この9回の経済対策の事業規模を単純に合計すると。10兆円にも上る。このうち、GDP増大に寄与する、国と地方自治体の財政支出である「真水」は、減税分を含めて、事業規模の約半分の60兆円程度と推計されている。その大部分が公共事業や施設整備などの公共投資とみられる。

だが、そのための財源は建設国債、つまり借金に求めざるを得なかった。こうして、年度途中の補正予算で、ほぼ毎年度、巨額の建設国債を発行し続けたのである。また、経済の低迷で税収が伸びず、その一方で歳出は膨らんだため、毎年度の当初予算でも赤字国債を発行し、さらに、税収が予想より伸び悩んだ結果、補正予算でも赤字国債を増発せざるを得なかった。

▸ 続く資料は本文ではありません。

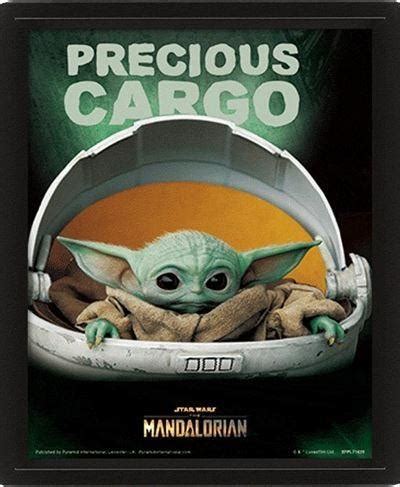 STAR WARS - Precious Cargo - 3D Lenticular Poster 26x20cm : ShopForGeek ...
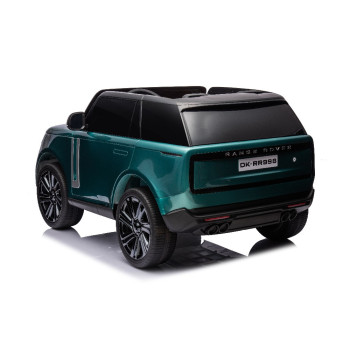 Auto Na Akumulator Range Rover DK-RR998 Zielone Lakierowane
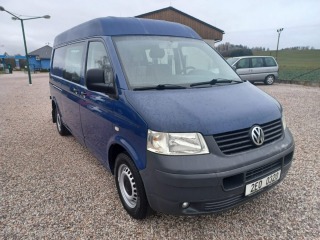 Volkswagen  Transporter 2,5   T5 LONG 4x4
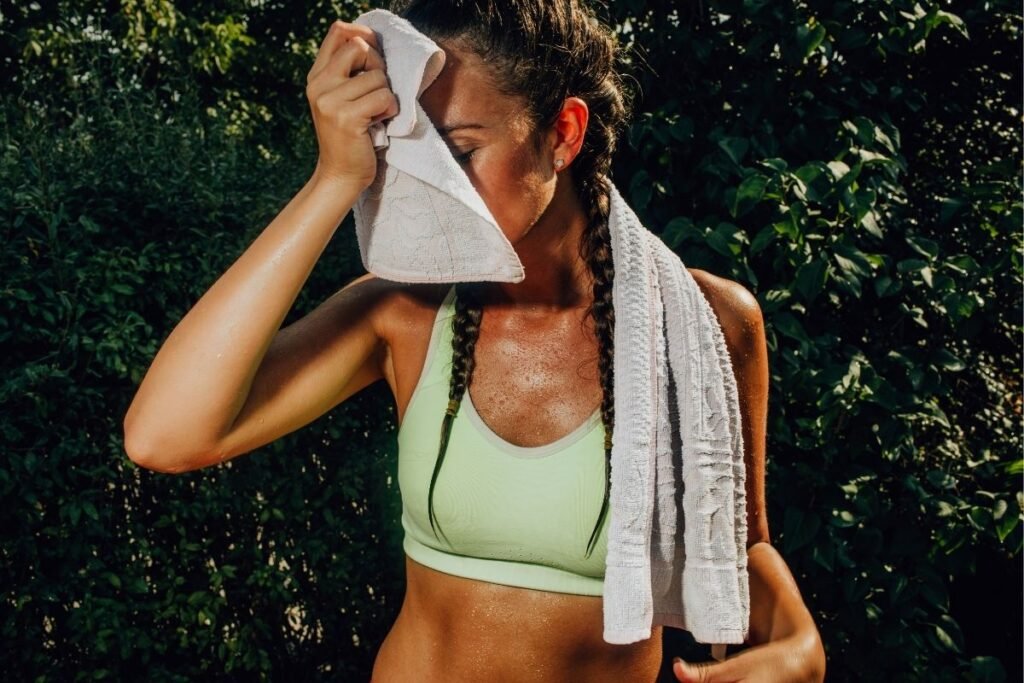 fettforbrenning trening tips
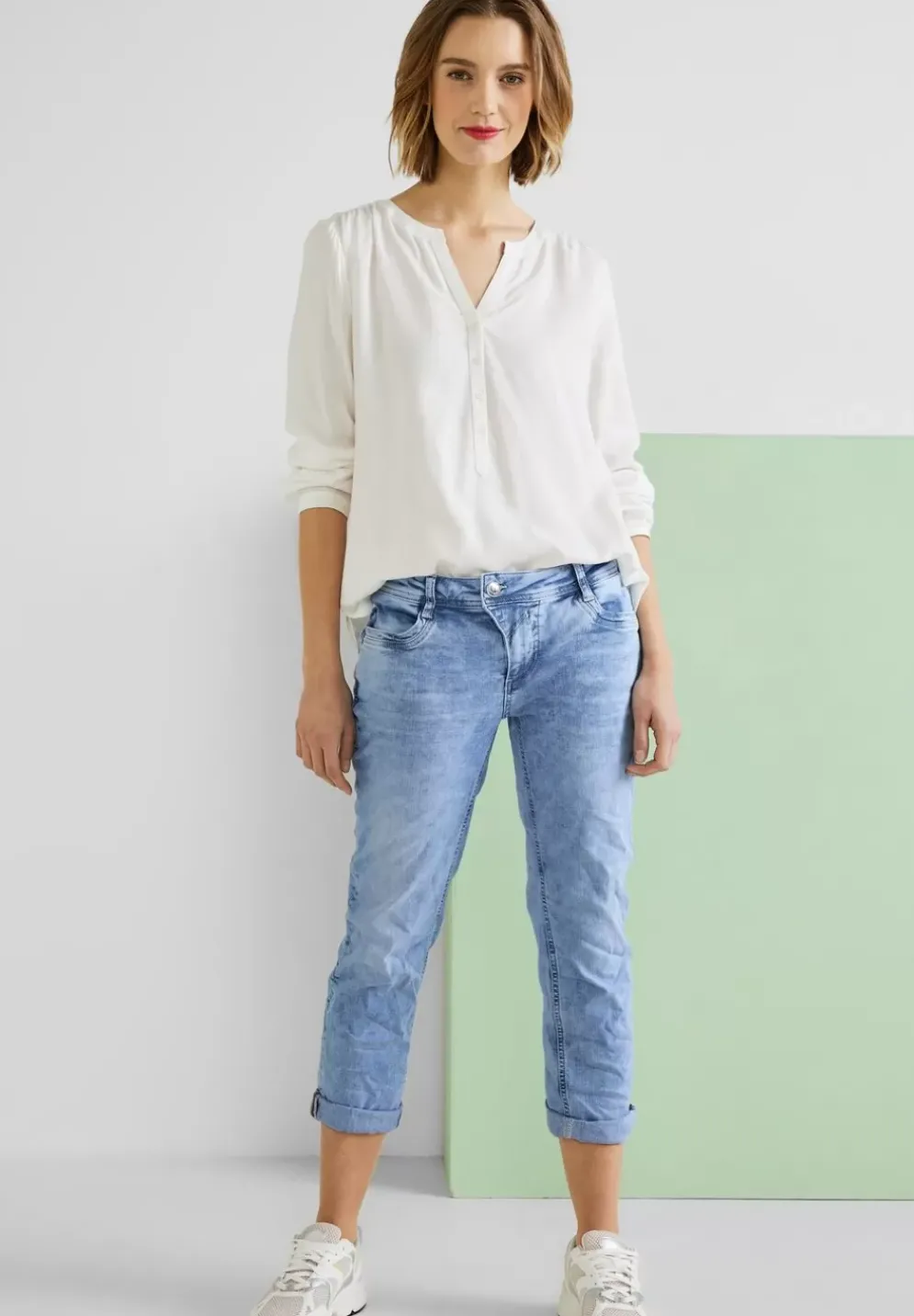 Casual Fit Jeans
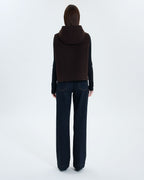 Gilet sans manches chocolat_3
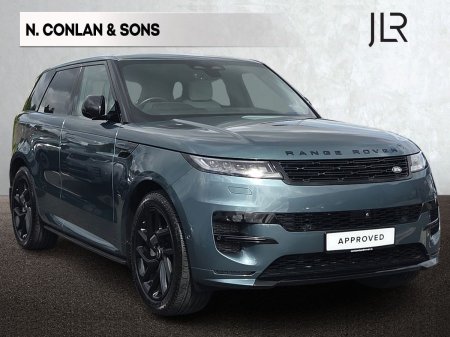 2025 Land Rover Range Rover Sport PHEV DYNAMIC SE *WARRANTY UNTIL 2030*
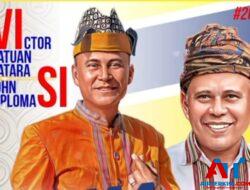 Golkar – Demokrat Akhirnya Sepakat Pasangkan VDB-Jhon Diplomasi di Pilkada 2024!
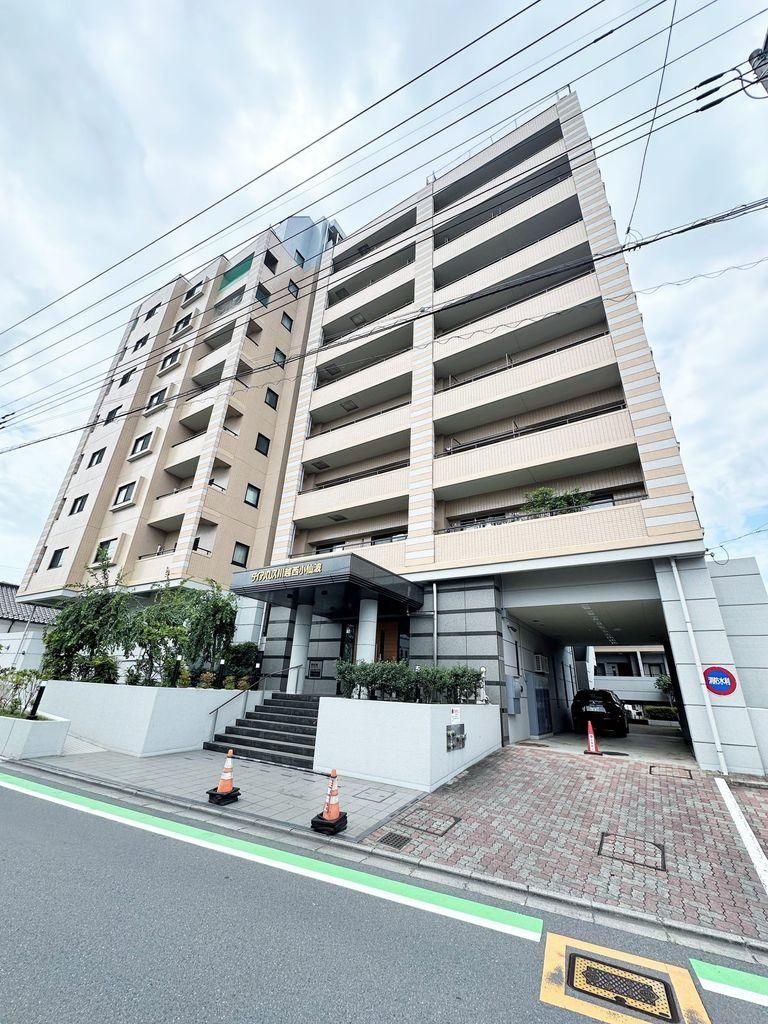 Dia Palace Kawagoe Nishikobanba 3LDK Apartment for Sale - Thumbnail 2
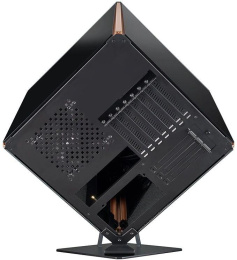 Корпус ATX AZZA Regis, Midi-Tower, без БП,  черный [csaz-902 regis]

当初予算ペースの一般会計歳出は90年度の66兆2368億円から、2000年度には84兆9871億円へと、19兆円弱も増えた。一方、税収は90年度決算ペースの60兆1059億円をピークに、2000年度は当初予算ペースで48兆6590億円と、約11兆5000億円も減少したのである。こうして、借金が積み上がったのである。

この財政悪化に対しては、海外から警告が届いた。米国の有力格付け会社ムーディーズ・インベスターズ・サービスが98年11月16日、日本政府が発行する国債と外貨建て債の格付けを最上級の「Aaa」からランク下げて「Aa1」にすると発表したのである。

国家の総合的な経済力そのものに疑問符が付いたわけだ。格付け引き下げの理由は、政府債務の増大、金融システムの弱体化、年金債務の増大などである。しかも、この影響は経済界にも波及した。国債と同じく最上級だったNTT、東京電力関西電力中部電力の優良企業の外貨建て債も、「Aa1」へと引き下げられたのだ。

2000年9月8日、ムーディーズ国債の格付けを「Aa2」へとさらにランク引き下げた。しかも、それ以後の見通しも「ネガティブ(弱含み)」としたままだった。では、国の借金が増えれば、どうなるのか。

まず、借金を返済するために、将来に大増税が予想される。国民は増税に備えて貯蓄を増やし、そのため、不振を続ける個人消費がますます低迷する恐れが強い。そして、実際に増税が実施されれば、強烈なデフレ要因となる。九七年四月からの、三%から五%への消費税率引き上げが「戦後最悪の不況」につながった事実を思い起こせばよい。

また、大量の国債が債券市場に新たに出回るため、需給バランスが崩れて、既発の長期国債の価格が下落、つまり市場金利が上昇する。実際、一時的だが、ムーディーズ国債格付け引き下げ直後、長期金利が上昇した。

長期金利が上昇すれば、企業が発行する社債金利なども上昇せざるを得ず、企業の設備投資を冷やす要因となる。さらに長期金利が高騰すれば、日銀の政策的裁量で操作できるはずの短期市場金利にも波及してくるだろう。

大蔵省は債券市場で主流の10年物国債に加えて、今後は5年物国債も柱にする方針だ。商品を多様化することで、国債をスムーズに消化させ、金利上昇を防ぐ構えである。確かに、一時的には効果はあろうが、このような小手先の方法では限界がある。

現在は国内貯蓄で賄えるため、財政赤字が対外債務にはつなかっていない。しかし、毎年度30兆円程度の国債を発行し続ければ、やがては海外からの資金流入が必要になってくるだろう。

99年末には約85兆円の対外純債権があるが、いったん海外資金に頼り始めれば、あっという間に食いつぶされ、純債務国に転落する恐れがある。